▶ [Assignment]
Only the text should be kept: print every entry below exactly and leave each image out.

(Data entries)
=== Section Start ===
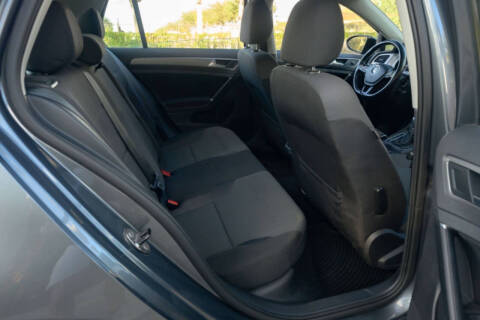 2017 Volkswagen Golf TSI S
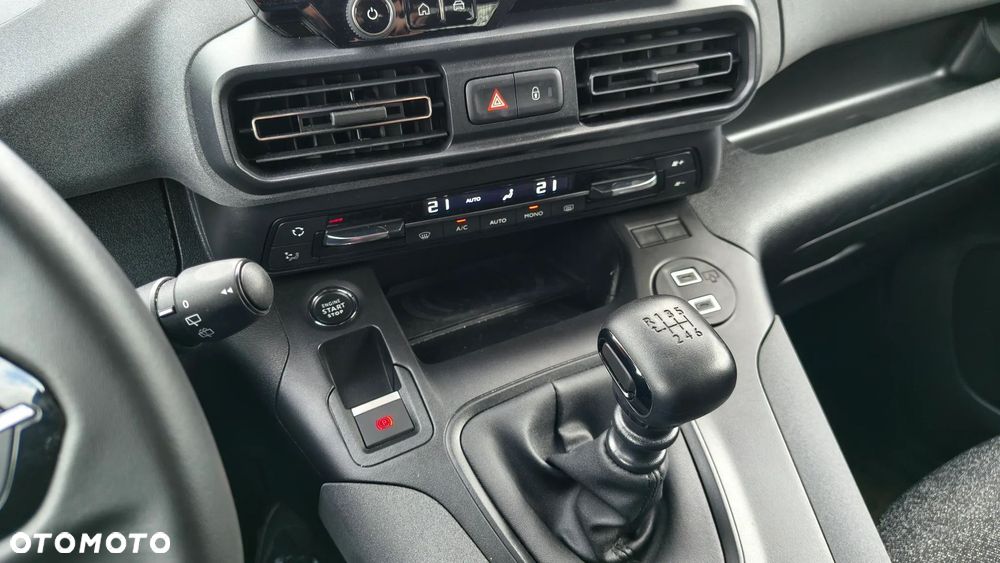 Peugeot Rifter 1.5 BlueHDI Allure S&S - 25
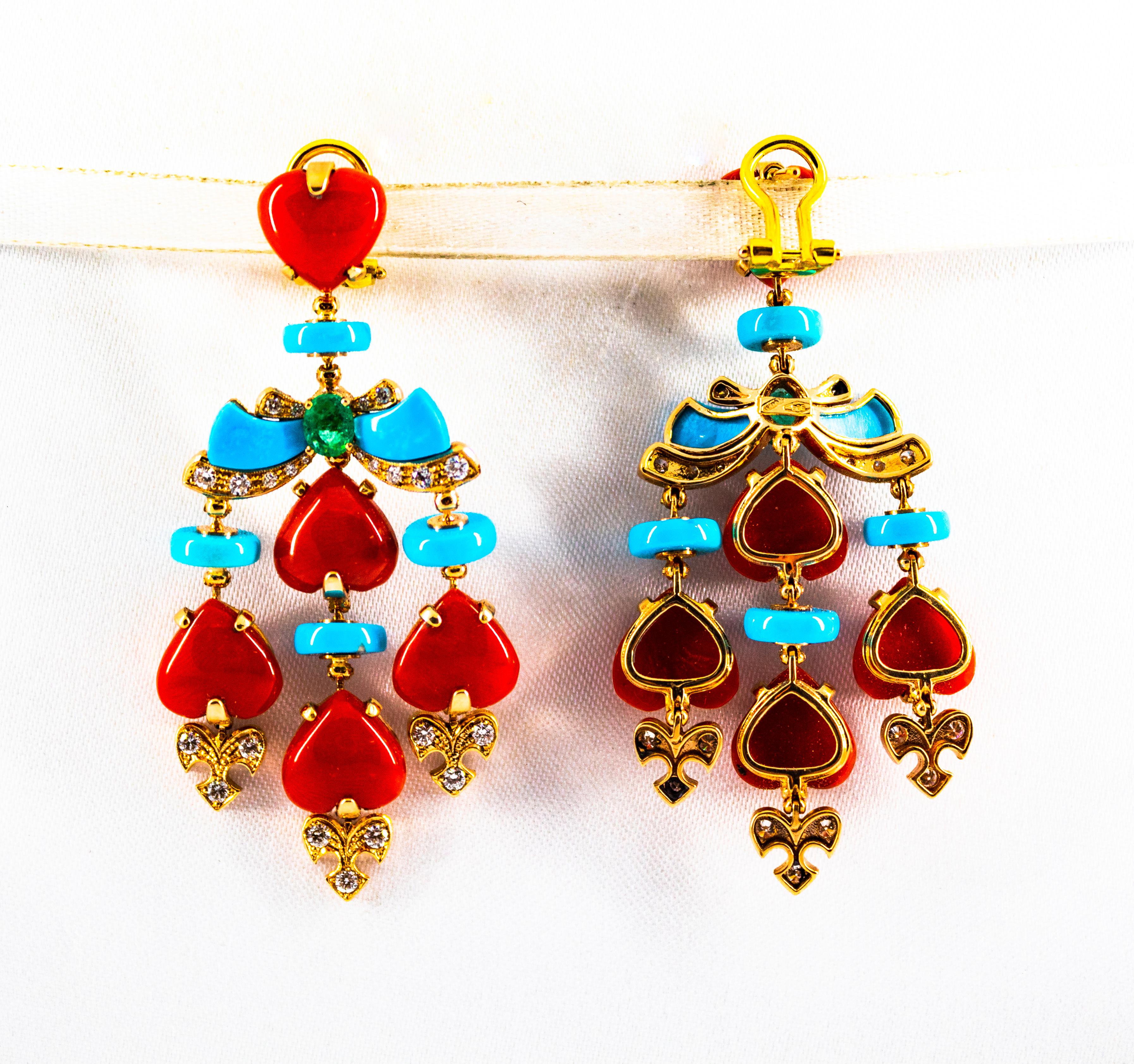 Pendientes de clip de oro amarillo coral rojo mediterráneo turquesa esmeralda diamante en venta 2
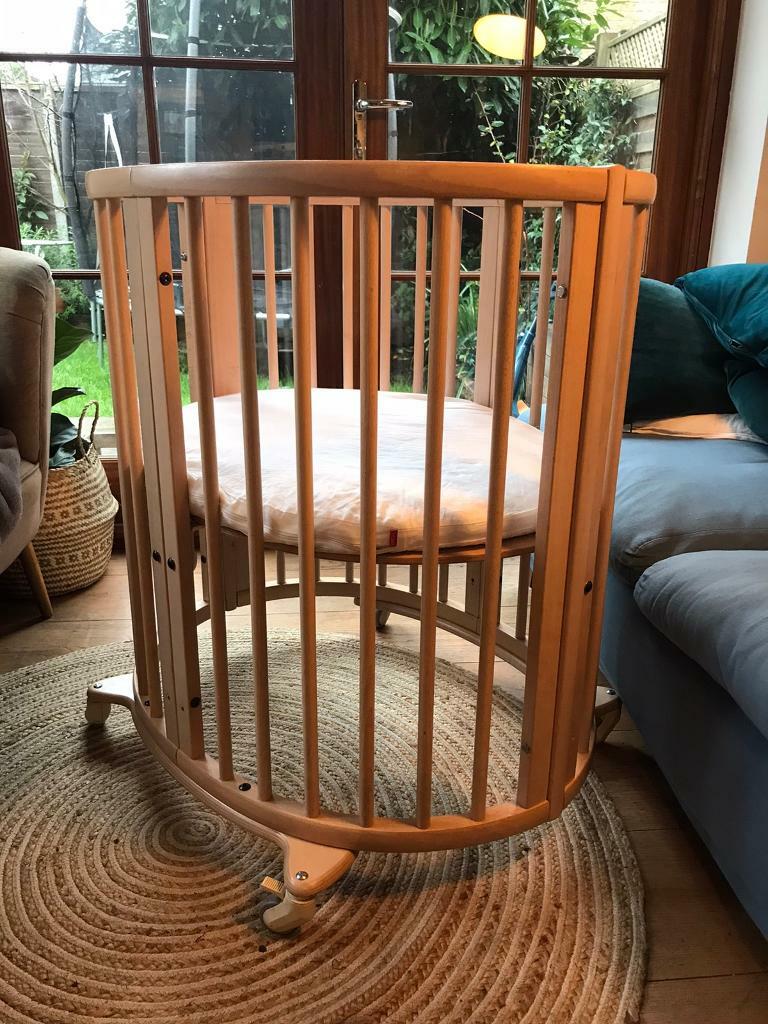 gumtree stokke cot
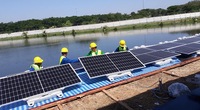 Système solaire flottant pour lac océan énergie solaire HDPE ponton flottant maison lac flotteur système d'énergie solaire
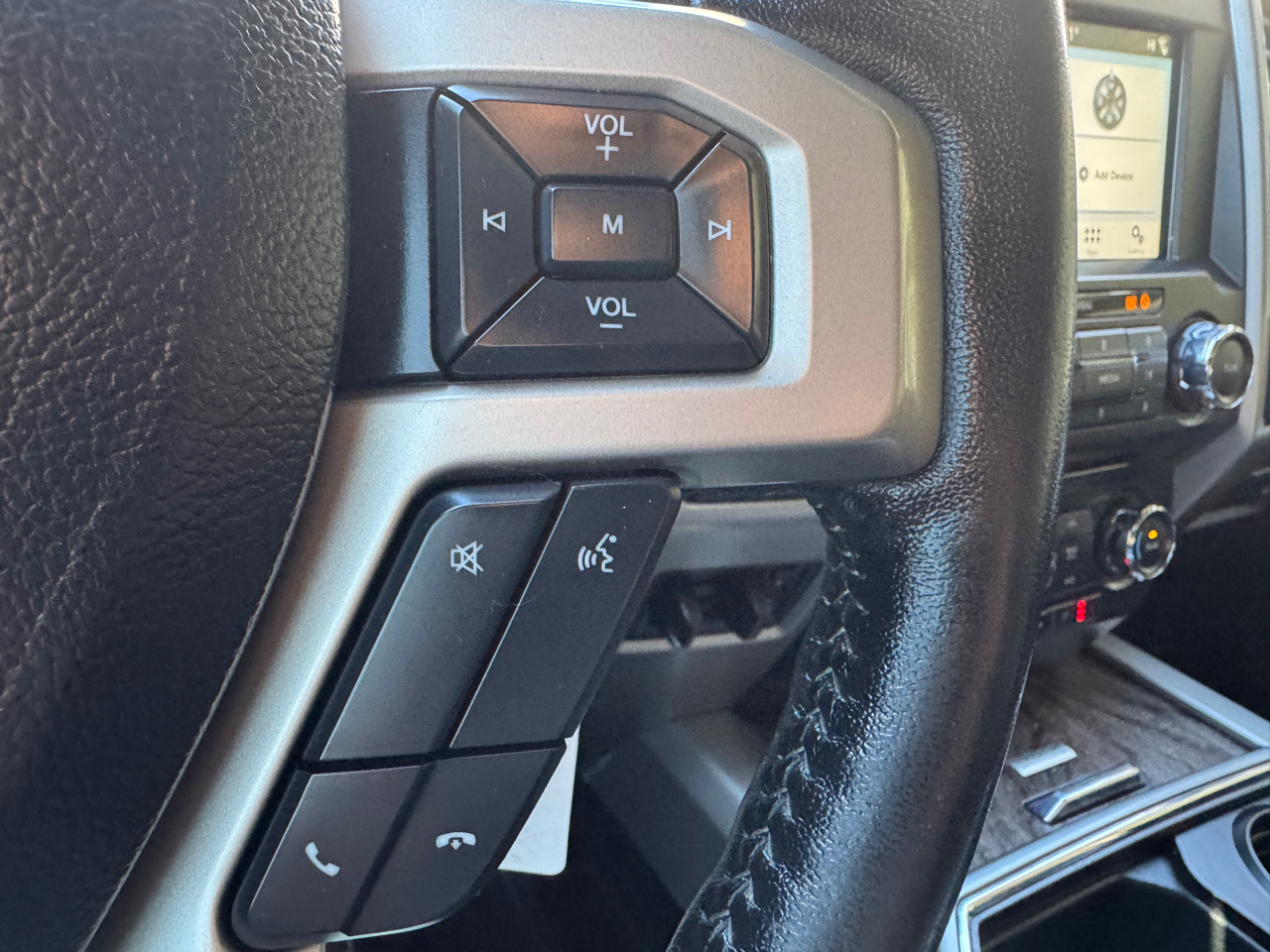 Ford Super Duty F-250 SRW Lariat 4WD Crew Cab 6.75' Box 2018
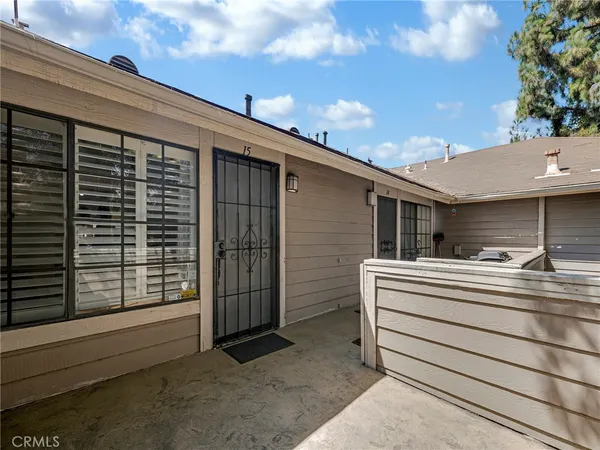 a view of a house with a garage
=== Section End ===
▶ [Reply to the exercise]
 2017 Volkswagen Golf TSI S
 Peugeot Rifter 1.5 BlueHDI Allure S&S - 25
 Pendientes de clip de oro amarillo coral rojo mediterráneo turquesa esmeralda diamante en venta 2
 gumtree stokke cot
 Système solaire flottant pour lac océan énergie solaire HDPE ponton flottant maison lac flotteur système d'énergie solaire
 Ford Super Duty F-250 SRW Lariat 4WD Crew Cab 6.75' Box 2018
 a view of a house with a garage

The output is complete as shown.